Schwamm drüber
Mai 2012: Fragen über Fragen

Ich: «Für wen ist es nicht nachvollziehbar? Ich
meine jetzt im Ernst?»
Alice: «Wieso im Ernst?»
Ich: «Nein, das hast du gesagt, ich zitiere nur.»
Alice: «Was denn?»
Ich: «Was du gesagt hast: Für wen ist es nicht nachvollziehbar? Ich meine jetzt im Ernst?»
Alice: «Im Ernst?»
Ich: «Ja, natürlich. Und hast du da erwartet, dass alle die Hand heben, denen es nicht nachvollziehbar ist? Und das auch noch im Ernst?»
Alice: «Ich kann das nicht nachvollziehen.»
«Im Ernst?», fragte ich lachend, «ich glaube, wir reden aneinander vorbei.»

Alice und ich sassen im Café und besprachen ihre Lektion von heute Morgen, der ich beigewohnt und die ich zu beurteilen hatte. Im Zentrum stand die Frage, was für Fragen aus welchen Gründen nicht empfehlenswert sind.

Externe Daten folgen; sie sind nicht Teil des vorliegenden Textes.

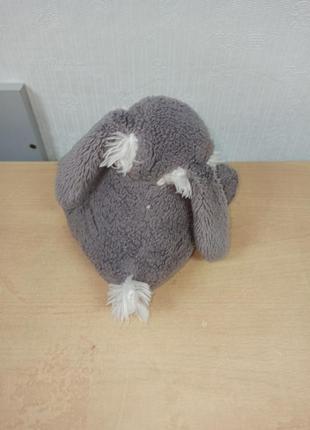 Мягкий зайка 5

Ich: «Nehmen wir ein anderes Beispiel. Einmal hast du in die Klasse gefragt: ‹Ist alles klar›? David, ein Schüler, hat dann genickt, und ganz offenbar hast du das registriert, denn du hast ‹Super› gesagt und dabei ganz zufrieden ausgesehen.»
Alice: «Und das ist nicht gut?»
Ich: «Na ja, das kommt etwas auf die Umstände an, aber meistens nicht. Das Einzige, was du nun sicher weisst, ist, dass David glaubt, es verstanden zu haben, Du weisst aber nichts über die anderen und auch nichts darüber, ob David es wirklich verstanden hat. Könnte er es wirklich selber erklären? Es kann sein, dass es alle verstanden haben, vielleicht sogar alle ausser David, aber du weisst einfach nichts darüber.»
Alice: «Im Ernst?»

Alles klar?
Ich: «Ja, klar, um wirklich in Erfahrung zu bringen, ob etwas klar ist oder nicht, müsste man alle Lernenden einladen, anspruchsvolle Fragen zum Inhalt zu beantworten, die so gemacht sind, dass sie nur diejenigen vollständig beantworten können, denen alles klar ist. Und aus den Antworten aller Lernenden kannst du nicht nur genau herauslesen, ob es David und den anderen klar ist, sondern eben auch, welche Misskonzepte noch immer vorhanden sind, die man nun bekämpfen muss. Daraus lernst du sehr viel mehr über die Art und Weise, mit der die Jugendlichen mit den neuen Stoffen umgehen. Alles klar?»
Alice: «Ja, alles klar. Und habe ich weitere ungünstige Fragen gestellt?»
Ich: «Ja. Einmal hast du gefragt: ‹Möchte jemand ein Fazit hören?›, um gleich darauf ein perfektes Fazit zu formulieren.»
Alice: «Darf ich mal raten!? Da stecken gleich zwei Fehler drin. Erstens: Ich sollte nicht fragen, ob jemand ein Fazit hören will, ich sollte es fest einplanen.»
Ich: «Korrekt!»
Alice: «Zweitens: Das Fazit sollte nicht die Lehrperson machen.»
Ich: «Das ist ein perfektes Fazit. Im Ernst: Es soll ja Lehrer geben, die vor allem sich selber gerne reden hören, aber dort lernen die Jugendlichen in der Regel nicht viel. Und natürlich ist es sehr viel einfacher, selber eine brillante Erklärung zu geben, als sich auf allfällige Schwächen einer Schülerformulierung einzulassen. Und doch bringt das Zweite enorme Vorteile, weil du eben in Erfahrung bringst, wie die Lernenden mit den neuen Inhalten umgehen. Ist das nachvollziehbar? Ich meine jetzt im Ernst?»
Alice lachte. «Ja, im Ernst, alles klar.»